What to produce:
Pictures in the entries below are excluded; copy only the lines from the one containing "Berger australien male #4" to the one containing "Postal Pansies Daisies", both included.
Recorded data START
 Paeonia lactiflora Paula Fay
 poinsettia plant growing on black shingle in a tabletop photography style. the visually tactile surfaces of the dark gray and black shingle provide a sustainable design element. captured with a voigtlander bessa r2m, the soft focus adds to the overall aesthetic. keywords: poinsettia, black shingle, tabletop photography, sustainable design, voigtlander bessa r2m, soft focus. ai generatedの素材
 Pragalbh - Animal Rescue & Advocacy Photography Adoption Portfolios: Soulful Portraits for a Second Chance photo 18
Recorded data END
Recorded data START
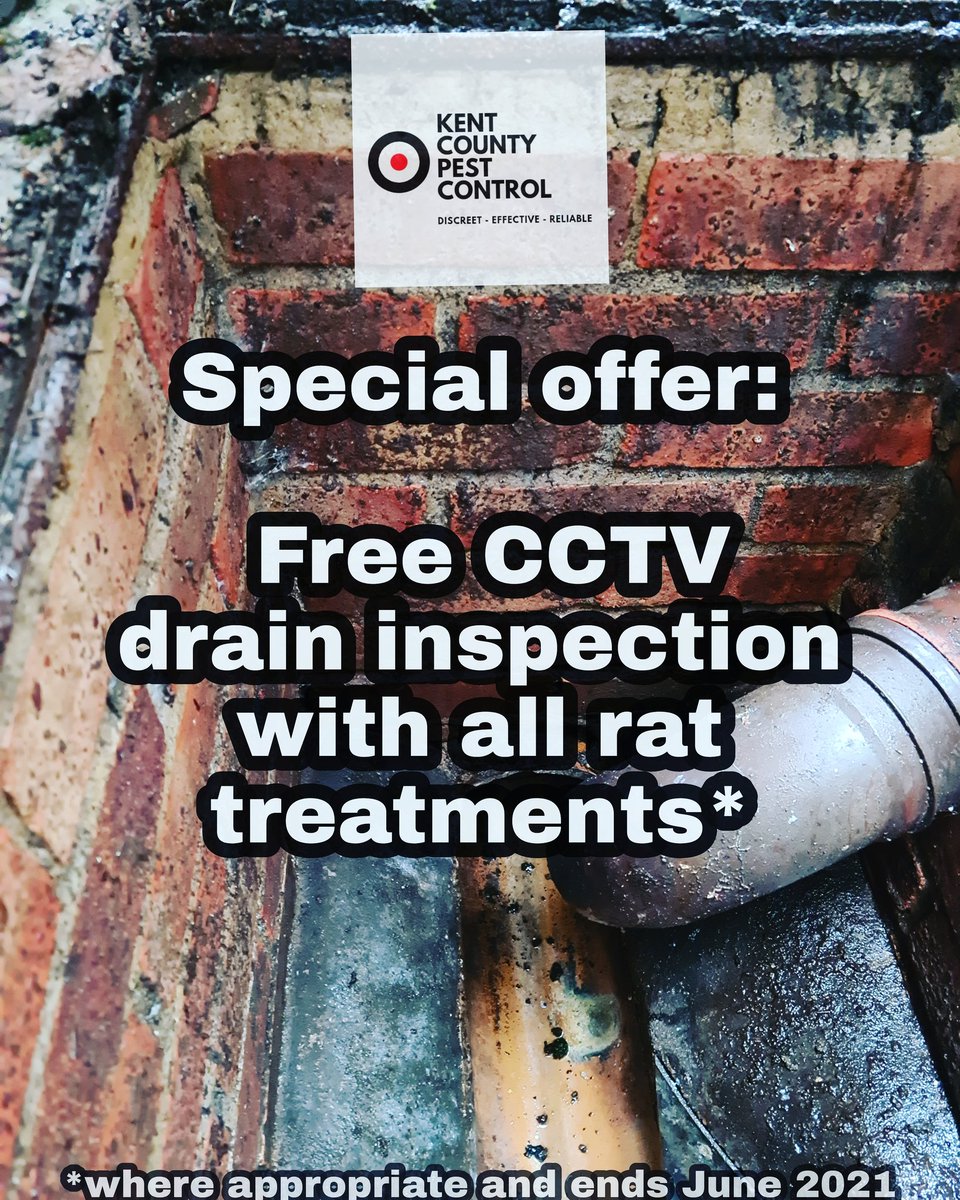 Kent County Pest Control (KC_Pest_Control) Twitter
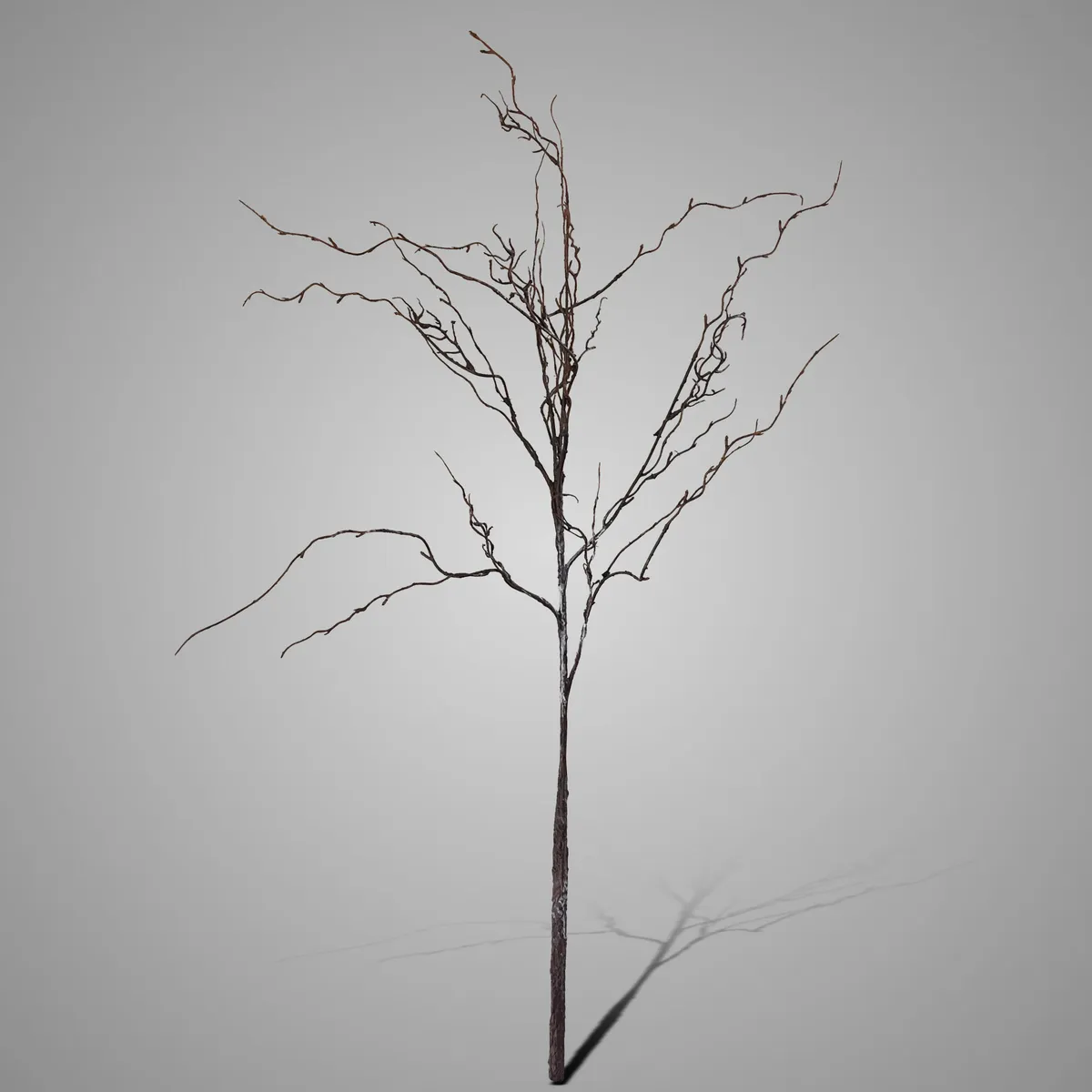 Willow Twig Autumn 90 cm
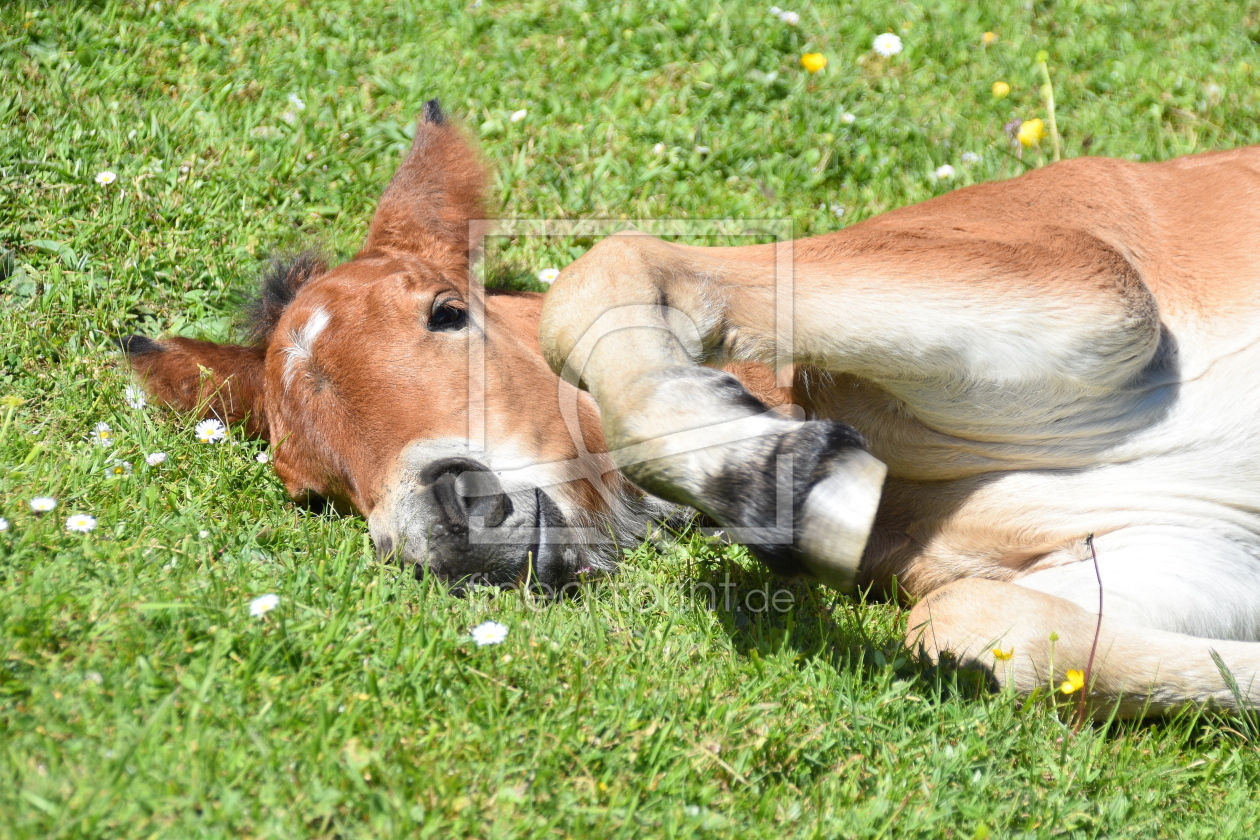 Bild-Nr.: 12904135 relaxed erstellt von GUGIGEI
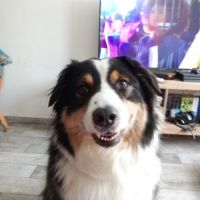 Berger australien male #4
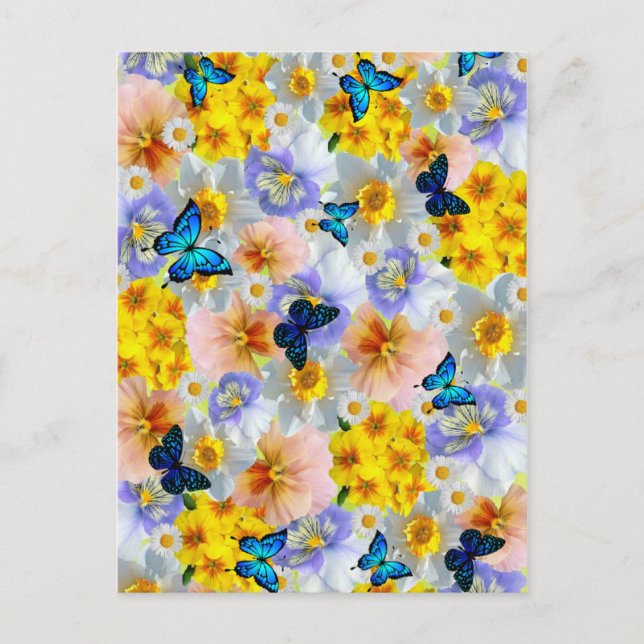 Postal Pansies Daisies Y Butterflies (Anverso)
Recorded data END
Recorded data START
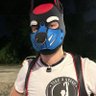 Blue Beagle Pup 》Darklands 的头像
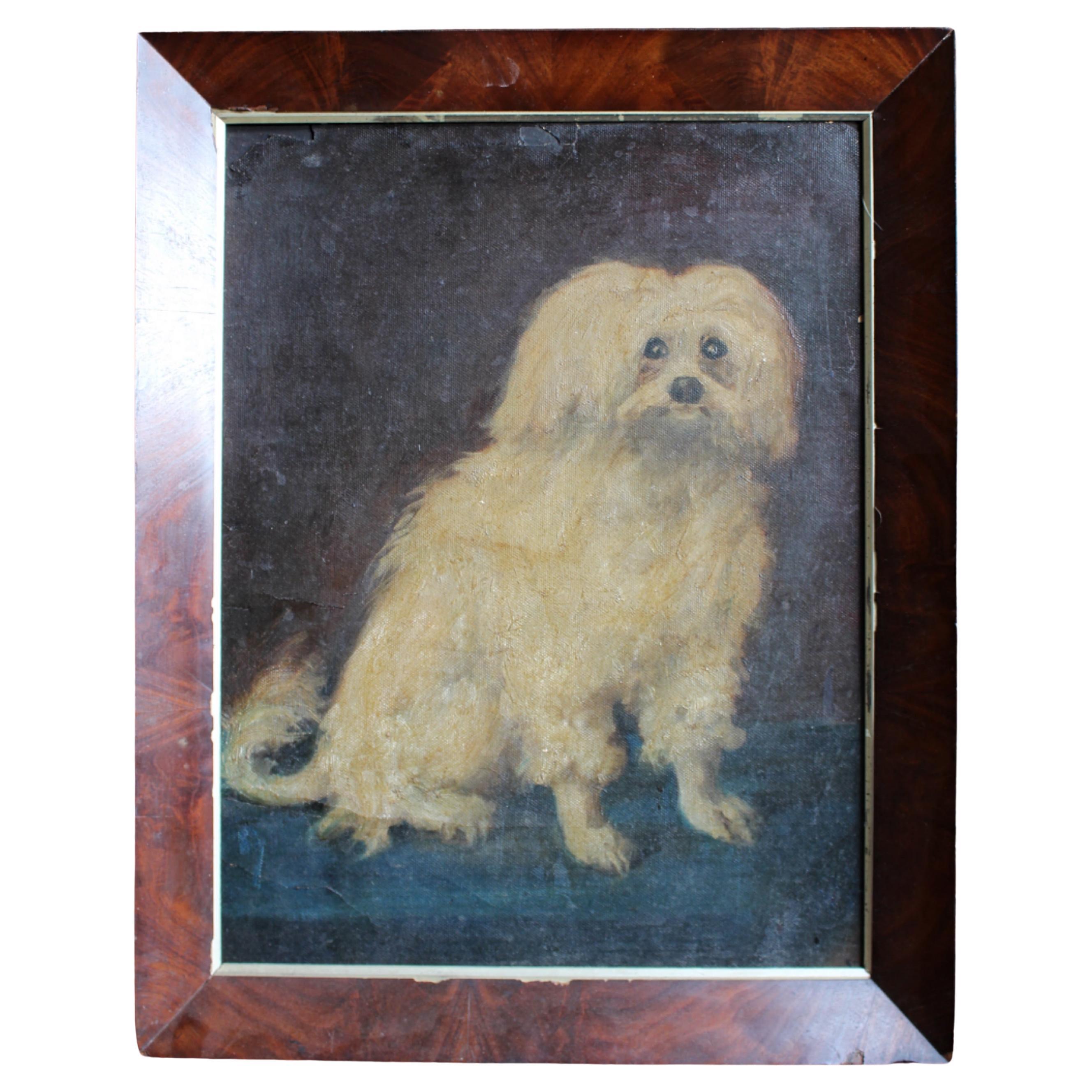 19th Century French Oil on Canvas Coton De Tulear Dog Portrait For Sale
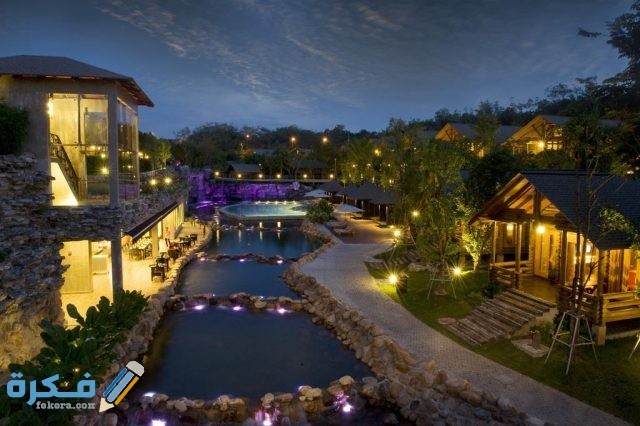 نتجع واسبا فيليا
Recorded data END
Solution to this exercise:
 Berger australien male #4
 Postal Pansies Daisies Y Butterflies (Anverso)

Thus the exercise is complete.